小売業者が商品を買い取った時点で、商品の「所有権」は供給元から小売業者に移転するため、原則として売れ残った商品を供給元に返却することはできません。そのため、売れ残りリスクはすべて小売業者が負うこととなります。
また、商品の「保管責任」についても、商品を買い取った時点で小売業者に移転するため、万引き、紛失、欠損といった商品管理リスクは小売業者が負うことになります。
委託仕入
「委託仕入」は、小売業者と供給元の販売委託契約に基づき小売業者が商品を販売する形態であり、小売業者は、商品が販売された時点で、供給元から受け取る販売手数料を「売上」として計上します。

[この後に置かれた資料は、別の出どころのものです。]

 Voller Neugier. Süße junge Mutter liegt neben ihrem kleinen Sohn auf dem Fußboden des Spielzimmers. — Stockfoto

なお、「委託仕入」の場合、小売業者は供給元から商品を預かって販売を委託されているだけなので、会計処理上「仕入」は計上されません。
つまり、「委託仕入」では、小売業者に「所有権」が移転することはなく、売れ残った商品は供給元に返却することができるため、小売業者には売れ残りリスクがありません。

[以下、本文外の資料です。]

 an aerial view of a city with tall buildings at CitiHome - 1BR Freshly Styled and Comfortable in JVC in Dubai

ただし、商品の「保管責任」は、商品が納入された時点で小売業者に移転するため、万引き、紛失、欠損といった商品管理リスクは小売業者が負うことになります。
「委託仕入」では、供給業者が商品の販売価格を設定します。
また、「委託仕入」では、供給元が「売れ残りリスク」を負うこととなるため、供給元から小売業者への仕入価格も「買取仕入」よりも高く設定されます。(小売業者の利益率が「買取仕入」よりも低く設定されます。)
委託仕入の会計処理
「委託仕入」の会計処理については、過去に説明しているページがあるので、リンクを紹介しておきます。
小売業者側の会計処理については、以下ページの中で「受託者による仕訳」を参考にしてください。
消化仕入(売上仕入)
「消化仕入(売上仕入)」は、供給元が商品を持ち込んで販売する形態であり、小売業者は、商品が販売された時点で「仕入」と「売上」を計上します。

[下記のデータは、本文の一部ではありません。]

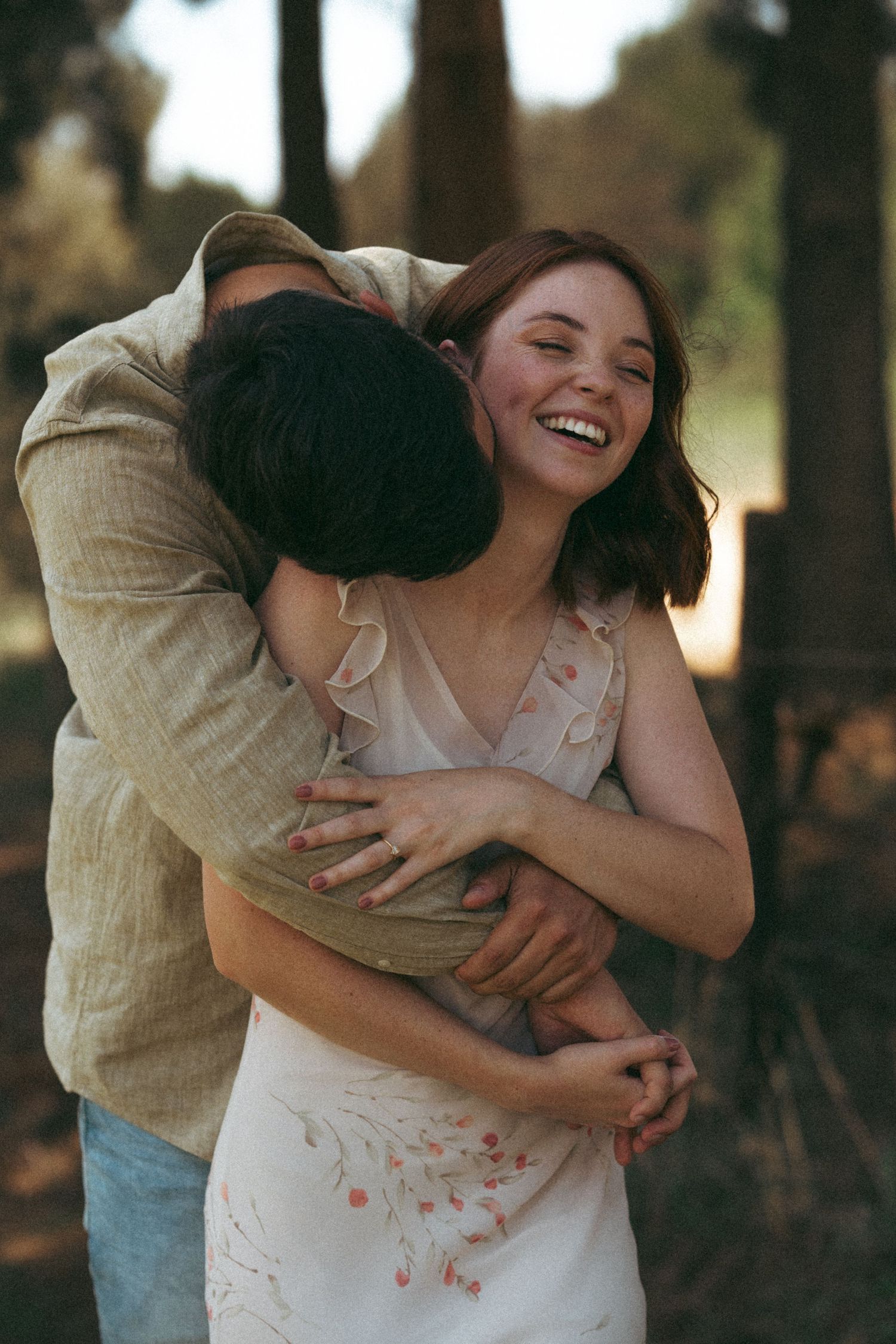 A romantic couple embraces and laughs together in a natural outdoor setting during golden hour.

商品が販売されるまで「所有権」は供給元にあり、売れ残った場合は供給元が商品を持ち帰るため、小売業者には売れ残りリスクがありません。
また、商品の「保管責任」も商品が販売されるまで供給元にあるため、万引き、紛失、欠損といった商品管理リスクも供給元が負うことになります。
「消化仕入(売上仕入)」では、供給業者が商品の販売価格を設定します。
また、「消化仕入(売上仕入)」では、供給元が「売れ残りリスク」や「商品管理リスク」を負うこととなるため、供給元から小売業者への仕入価格が「買取仕入」や「委託仕入」よりも高く設定されます。(小売業者の利益率が「買取仕入」や「委託仕入」よりも低く設定されます。)
試験問題
それでは、実際の試験問題を解いてみます。
【令和元年度 第30問】
商品の仕入方法のうち、委託仕入に関する記述の正誤の組み合わせとして、最も適切なものを下記の解答群から選べ。
a 中小企業と大企業の間で委託仕入を取引条件とした契約を締結することは禁止されている。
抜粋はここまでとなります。